Réponse de la cour d’appel
La SASU [R] Retail, partie perdante qui sera condamnée aux dépens d’appel et déboutée de sa demande au titre des frais irrépétibles, devra payer à M. et Mme [G] la somme de 2000 euros au titre de l’article 700 du code de procédure civile.
Le jugement sera infirmé s’agissant des dispositions au titre de l’article 700 du code de procédure civile.

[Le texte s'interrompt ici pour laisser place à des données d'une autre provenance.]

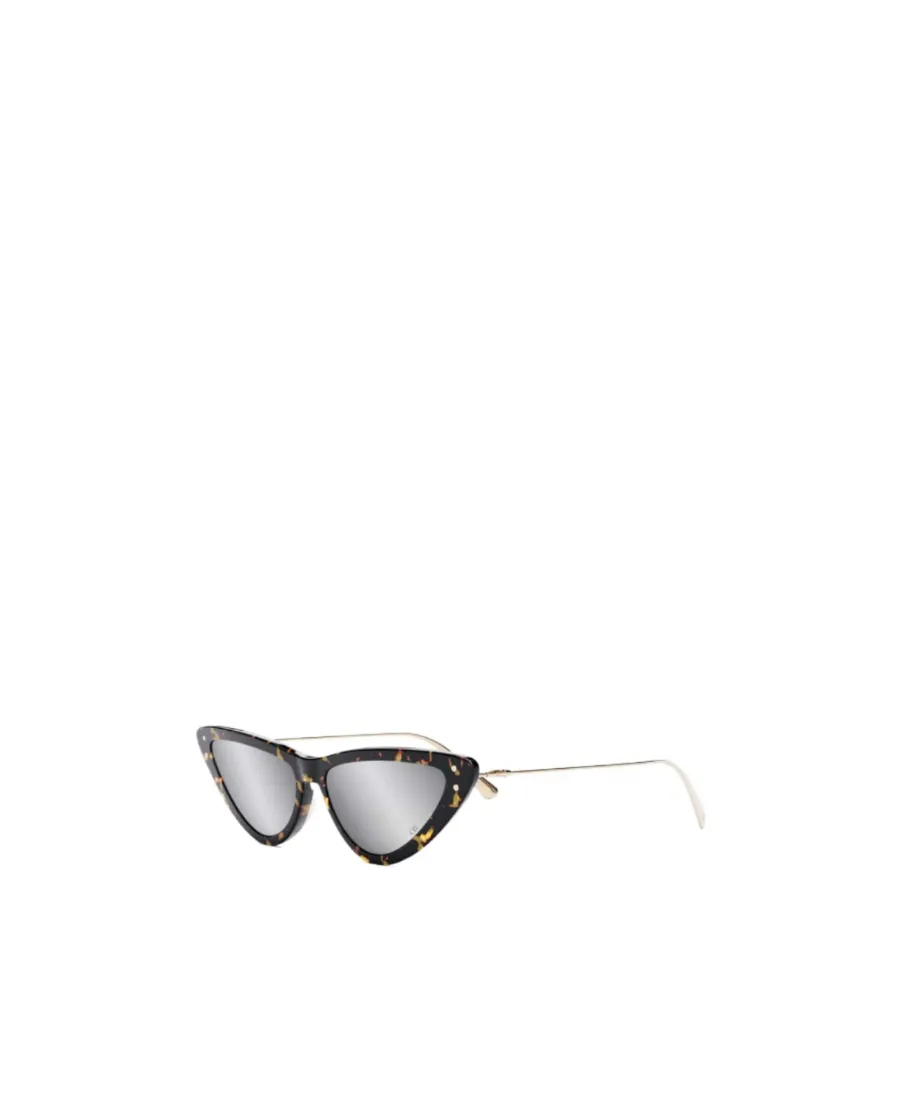 Logo Sunglasses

L’arrêt sera déclaré commun à la Caisse Primaire d’assurance maladie du Var en application de l’article L 376-1 du code de la sécurité sociale
PAR CES MOTIFS
La cour, statuant publiquement, par mise à disposition au greffe et par arrêt réputé contradictoire
Statuant dans les limites de sa saisine,
RÉVOQUE l’ordonnance de clôture en date du 15 avril 2015
FIXE la clôture des débats le 30 avril 2025,
INFIRME le jugement du tribunal judiciaire de Draguignan en date du 4 novembre 2021 en ce qu’il:
a condamné M. [Y] [G] et Mme [M] [K] épouse [G] au paiement:
de la somme de 1374,15 euros à la SAS Sodimob venant aux droits de la SAS FHDS,
et de la somme de 3000 euros au titre des frais irrépétibles,
a rejeté la demande de M. [Y] [G] et Mme [M] [K] épouse [G] en responsabilité contractuelle
et les a déboutés de leur demande au titre des frais irrépétibles,
CONFIRME le jugement du tribunal judiciaire de Draguignan en date du 4 novembre 2021 pour le surplus,
DÉBOUTE la SASU [R] Retail venant aux droits de la SAS Sodimob venant aux droits de la SAS FHDS de sa demande en paiement du solde du prix d’un montant de 1374,15 euros à l’encontre de M. [Y] [G] et de Mme [M] [K] épouse [G],
CONDAMNE la SASU [R] Retail venant aux droits de la SAS Sodimob venant aux droits de la SAS FHDS à payer à M. [Y] [G] et Mme [M] [K] épouse [G] la somme de 2000 € au titre de l’article 700 du Code de procédure civile,
CONDAMNE la SASU [R] Retail venant aux droits de la SAS Sodimob venant aux droits de la SAS FHDS aux dépens d’appel,
DÉCLARE le présent arrêt commun à la Caisse Primaire d’Assurance Maladie du Var.